Task goal. Word for word, retype the lines from the one containing "OkeyTech 433Mhz Car" to the one containing "Mini Plastic Clips, 100" below, keeping both end lines and dropping the pictures.

□ □ □ □ □

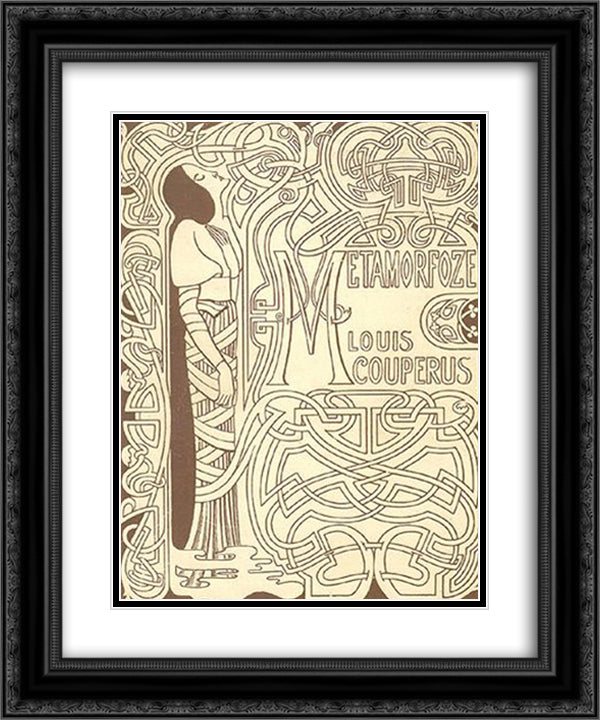 Cover for 'Metamorphosis' by Louis Couperus 20x24 Black Ornate Wood Framed Art Print Poster with Double Matting by Toorop, Jan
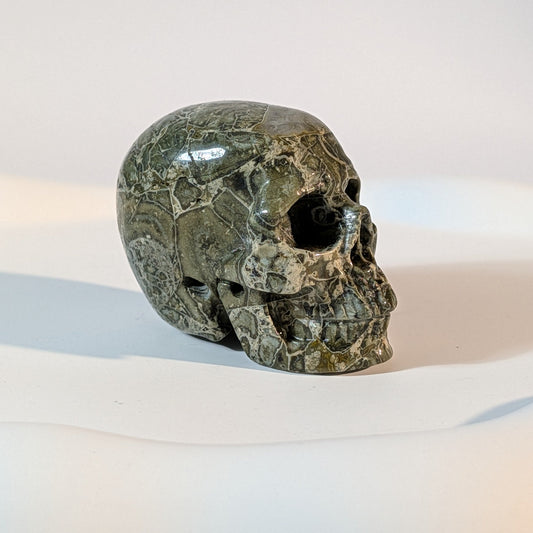 Gefährlich wirkender Kristallschädel Ilbertus aus tiefgrünem Serpentin 91g mit durchscheinenden, gelblichen Adern und harten Schatten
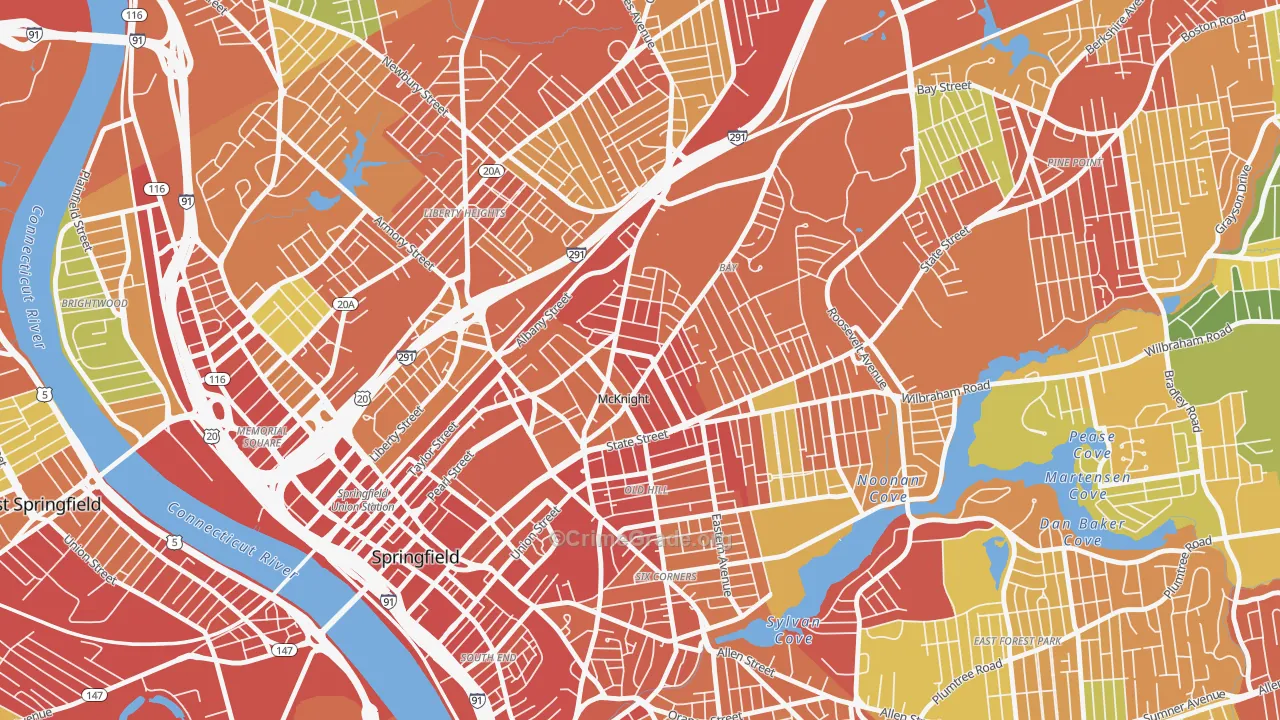 McKnight, Springfield, MA Map of Robbery Rates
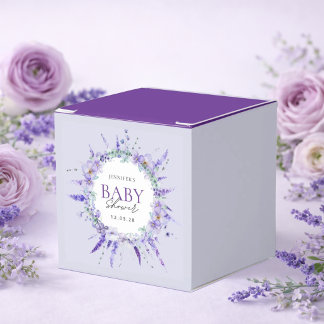 Elegant Lavender Floral Baby Shower purple Geschenkschachtel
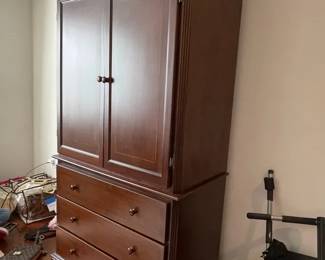 Two Piece Traditional Wooden Armoire Cherry Or Mahogany Finish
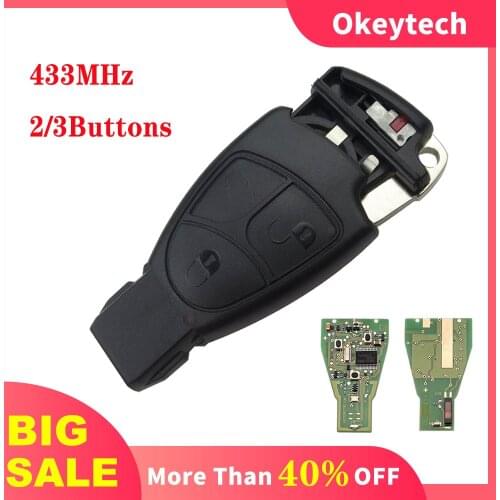 OkeyTech 433Mhz Car Smart Remote Key For Mercedes Benz B C E ML S CLK CL 1996-2005 2/3 Buttons Replacement Complte Control Key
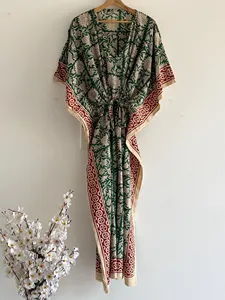 Elegante Vestido Kaftán de Algodón con Estampado Floral Verde, Cintura Ajustable, Estilo Bohemio, Holgado, Informal, para Mujer, Vestido de Verano - Product Image 1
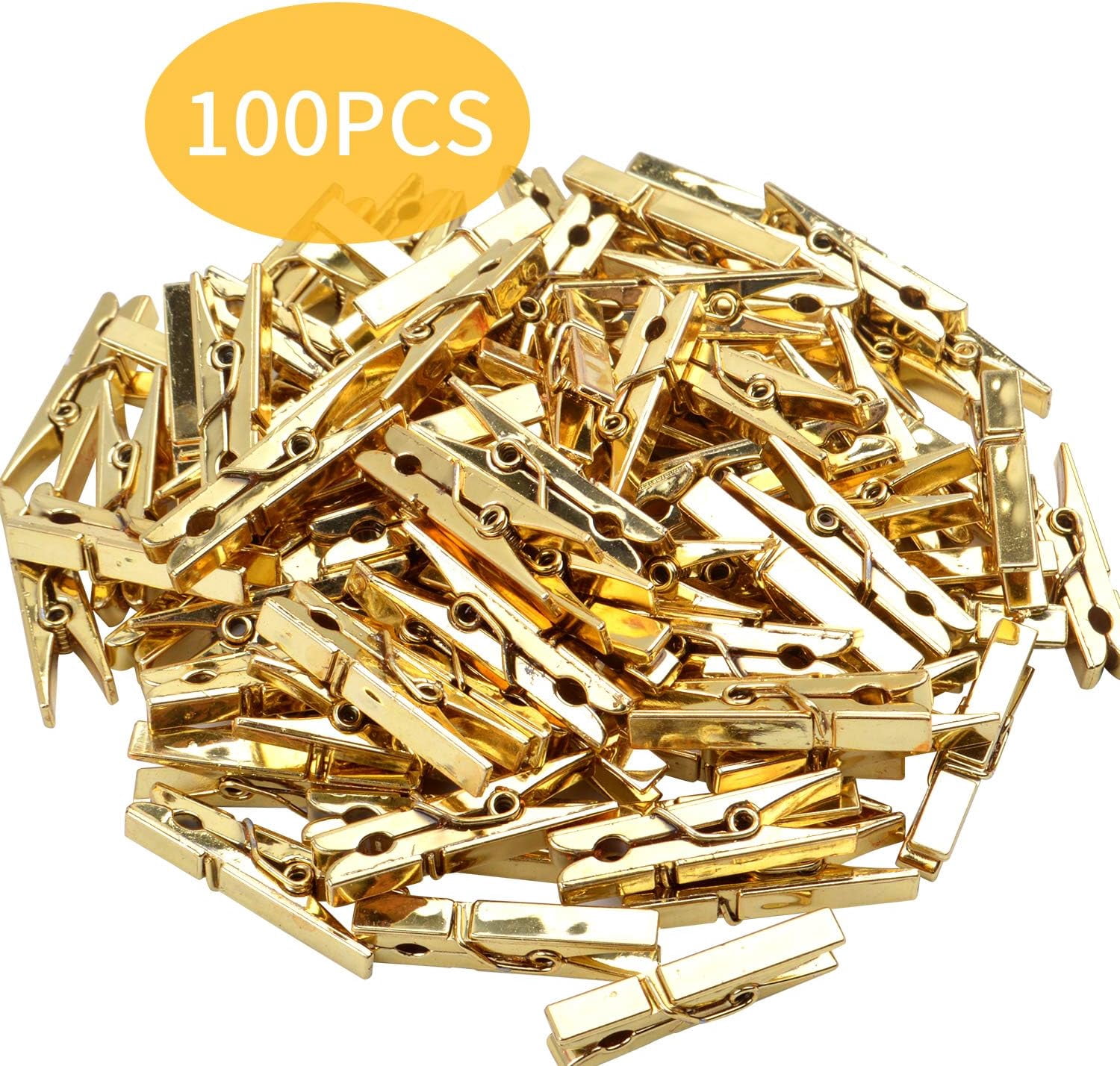 Mini Plastic Clips, 100 Pieces Utility Photo Clips Paper Pegs, Gold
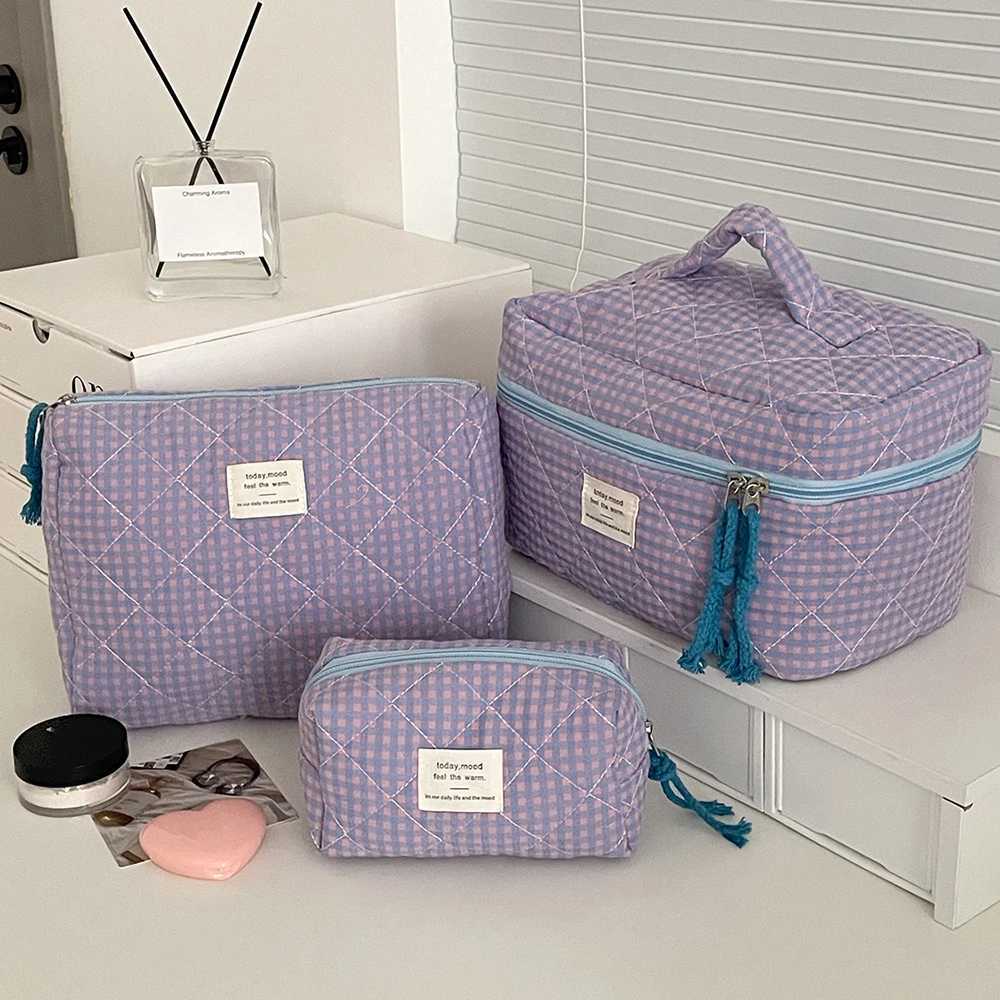 3 Bags Set Fashion Women Classic Cosmetic Bag Large Capacity Toiletry Makeup Organizer Pouch Ladies Zipper Quilted Bag J251115
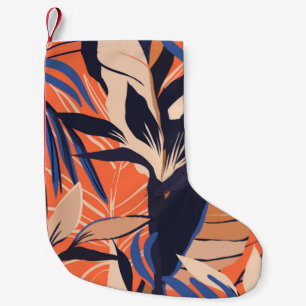Modern exotic jungle plants illustration pattern.  small christmas stocking
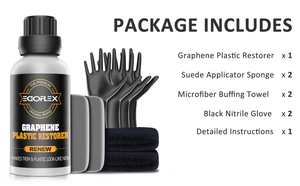 Graphene Plastic Restorer Trim Kit - Crystal Coating Plastic Restorer for Cars - Rubber Vinyl Headlight Restoration Restore a Finish Back to Black Shine Exterior Auto Detailing Supplies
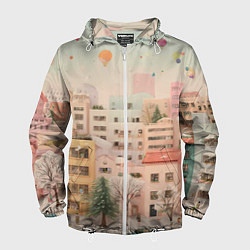 Ветровка с капюшоном мужская Объемный новогодний город, цвет: 3D-белый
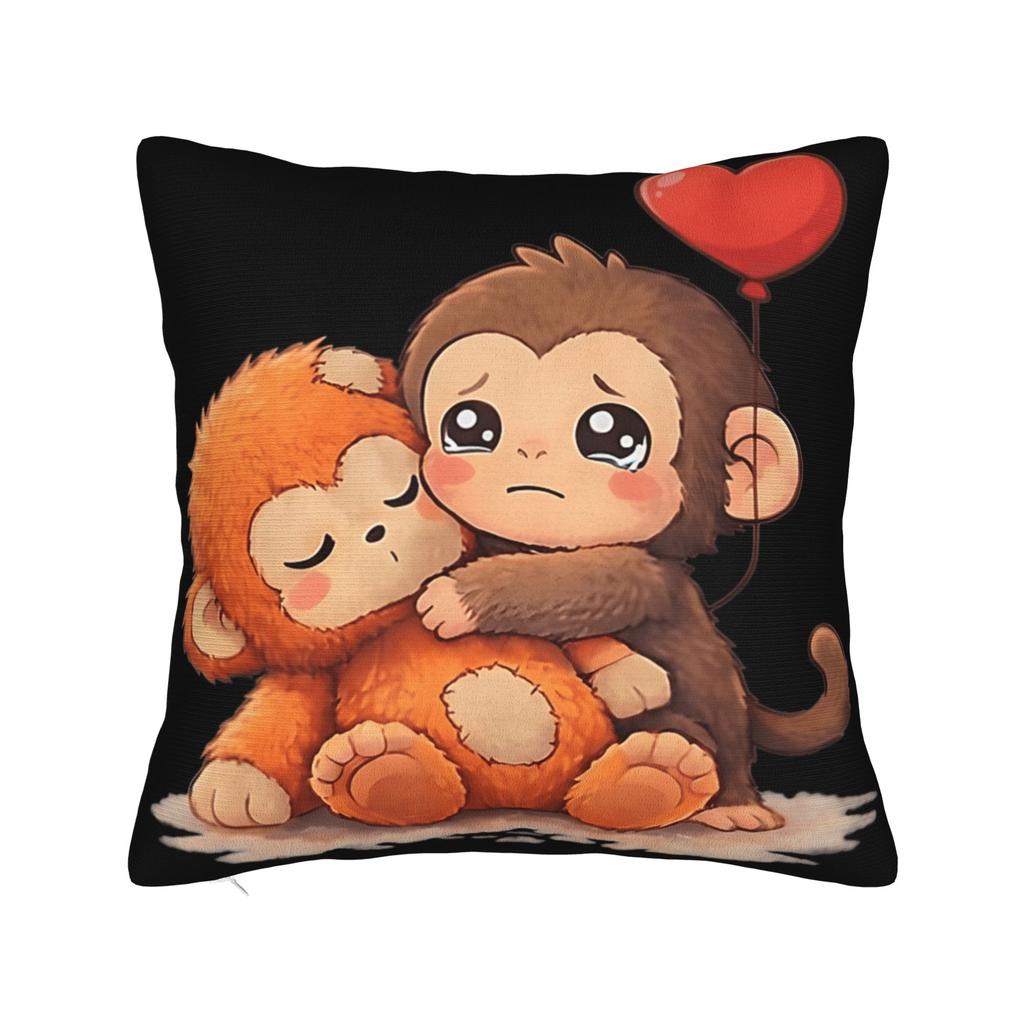 Cute Baby Monkey Named Punch Plush Hugging Pillow Case Print Pillow Cover For Wedding Party Home Decor Funny Pillowcases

□ □ □ □ □

Answer to this problem.
 OkeyTech 433Mhz Car Smart Remote Key For Mercedes Benz B C E ML S CLK CL 1996-2005 2/3 Buttons Replacement Complte Control Key
 Elegante Vestido Kaftán de Algodón con Estampado Floral Verde, Cintura Ajustable, Estilo Bohemio, Holgado, Informal, para Mujer, Vestido de Verano - Product Image 1
 Mini Plastic Clips, 100 Pieces Utility Photo Clips Paper Pegs, Gold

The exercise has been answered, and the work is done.